Martyn Jones

Madrid 25th January 2017


HERE’S A THOUGHT! In the past age of big iron, the only reason for not having a proliferation of duplicated databases was the prohibitively high cost of disk storage. Now, we can let our database collections grow ‘like Topsy’. This is the Brave New World of data… apparently…

Let’s, for one moment, be the fly-guy on the corporate wall. What are we picking up on the radar there, Enda? Oh, yes…

“So, Nigel, what corporate databases will we be accessing and affecting?”

“Well, Bob, nothing that already exists, we don’t need to. We’ll just create a new database for every new application that comes through the epic-story-tittle-tattle pipeline.
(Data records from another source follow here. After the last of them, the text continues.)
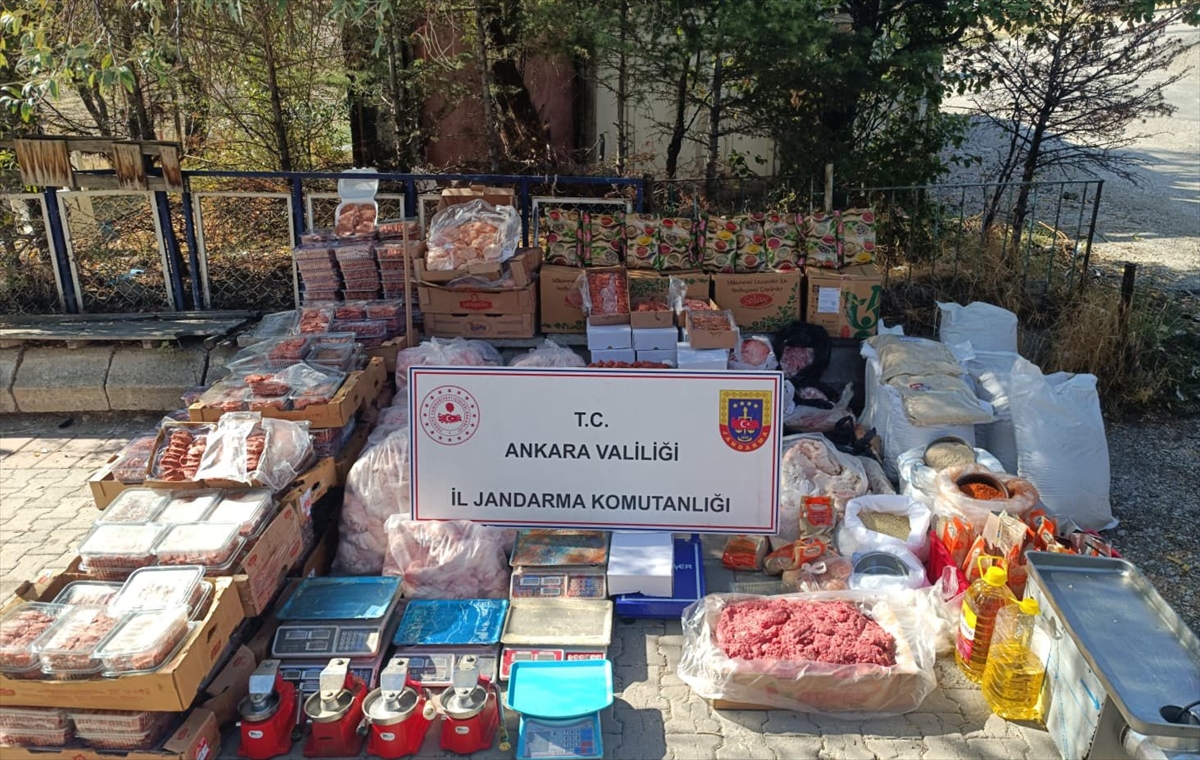 Başkentte bir iş yerinde 1 ton 200 kilogram bozuk et ele geçirildi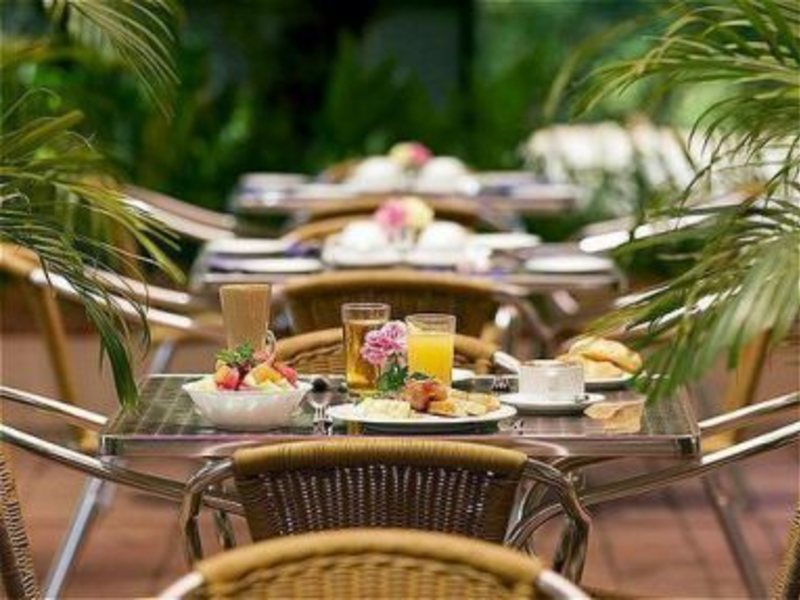 All Seasons Oasis Hotel 27778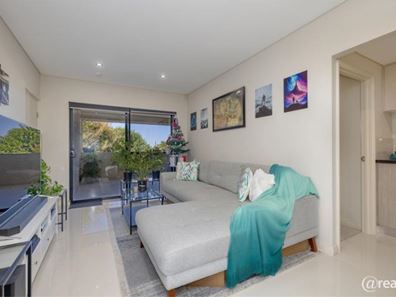 6/17 Stroughton Road, Westminster WA 6061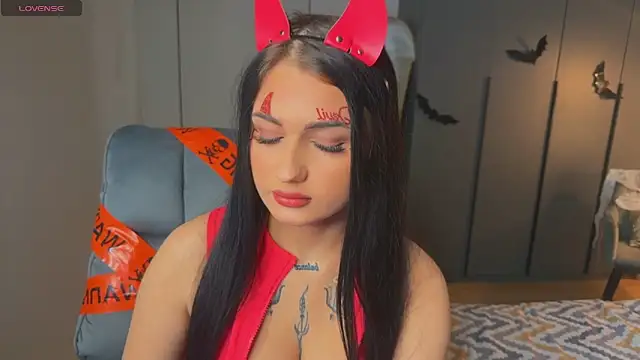 Snapshot of mygoddesshecate chatting on October 30, 2025, 8:23 am mygoddesshecate online show from October 30, 2025, 8:23 am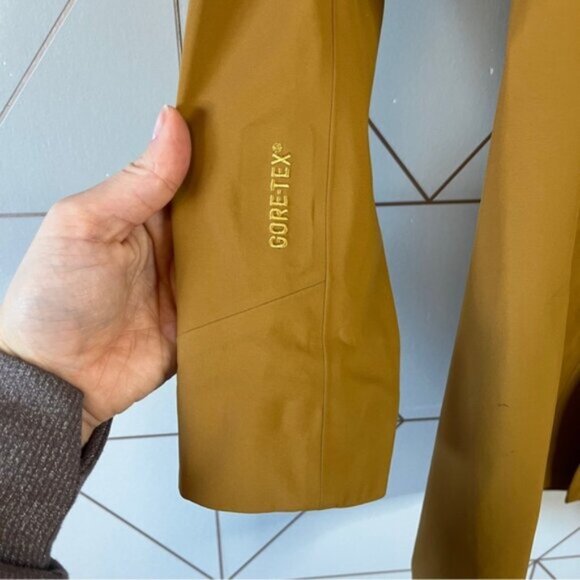 Arc'teryx Aphilia Jacket Yukon Gold - Picture 9 of 15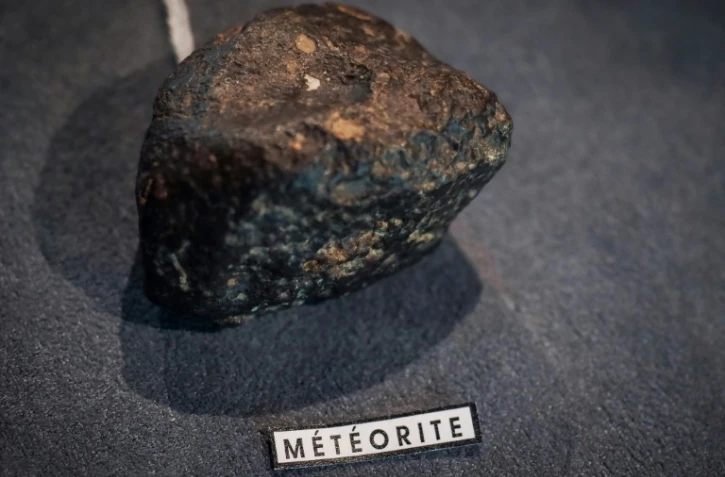 Météorite exposée avant une vente, à Tours, 5 février 2019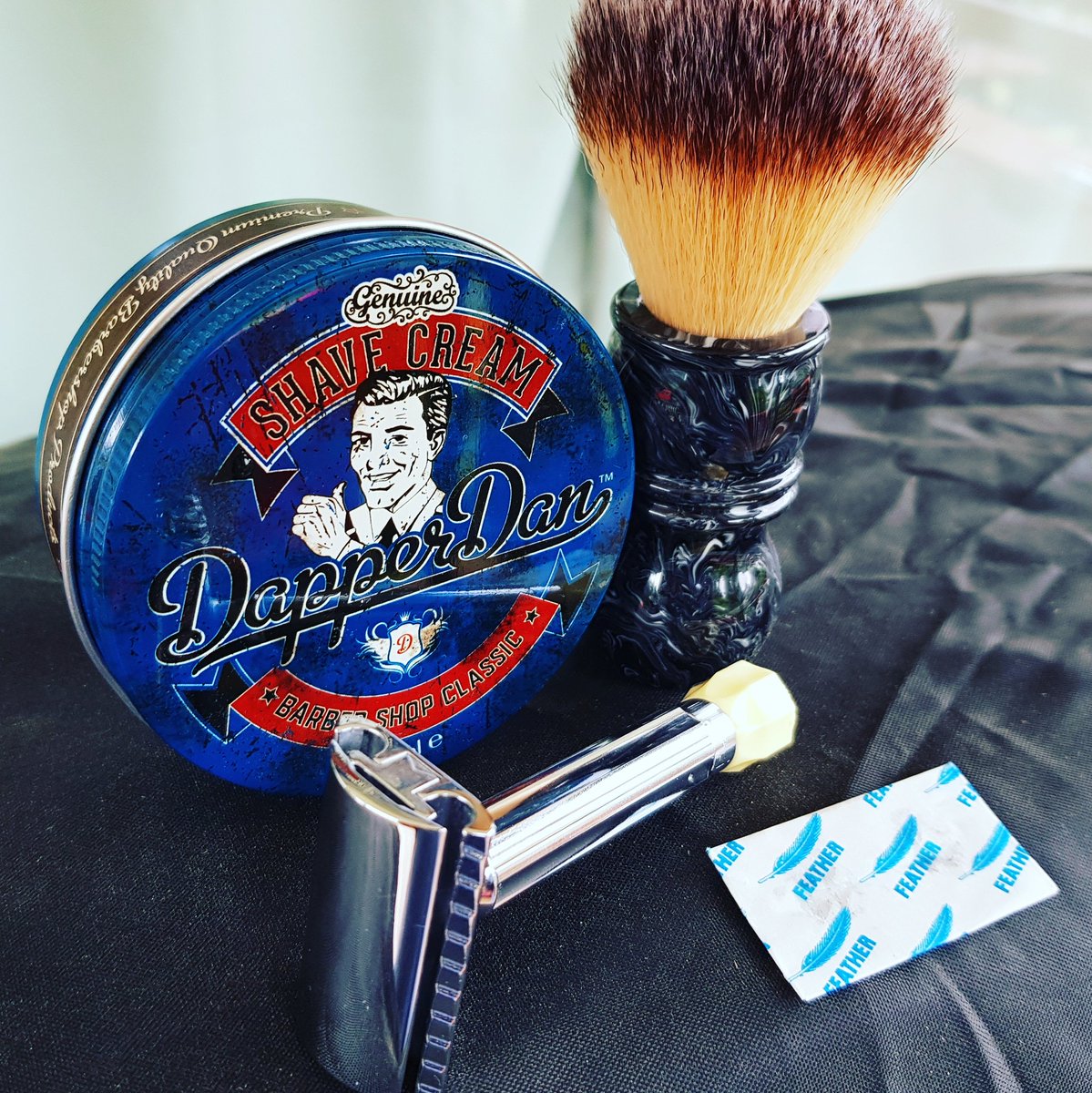 shave7razor's tweet photo. #SOTD #headShave #quickShave #DE #razor #merkür #sollingen #progress #feather #dabberDan #babershopclasic #yaqibrush #synthetic #wetshaving #shaving #shave #wetshave #wetshavers #Thursday #shavelikeaman #shavelikeyourgrandpa #Norway #shave7razor @shave7razor @Allwetshavers https://t.co/g2AXeJ4rKO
After all, when you guys were young, around the time the major dinosaurs were evacuated from the planet, disk storage was really, I mean really expensive, and you had to do all sorts of weird shit, like create byzantine codes and Aramaic keys and reverential integrity and all that jazz. But now it’s as cheap as chips. So, heck, if keeping multiple copies of data is good for Hadoop, and who am I to question that revolutionary-evolutionary strat, then it’s good for us too!”

“You have no use of a centralised customer database? Aren’t you worried about side-effects and unintended consequences?”

“Don’t be daft, Bob. That’s why we have a Chief Data Officer, Data Integration software licences up the wazoo and the Kattupalli Village Centre for Advanced Strategic Scientification and Datarisation.”

“I certainly admire your courage, strength and indefatigability, Nige”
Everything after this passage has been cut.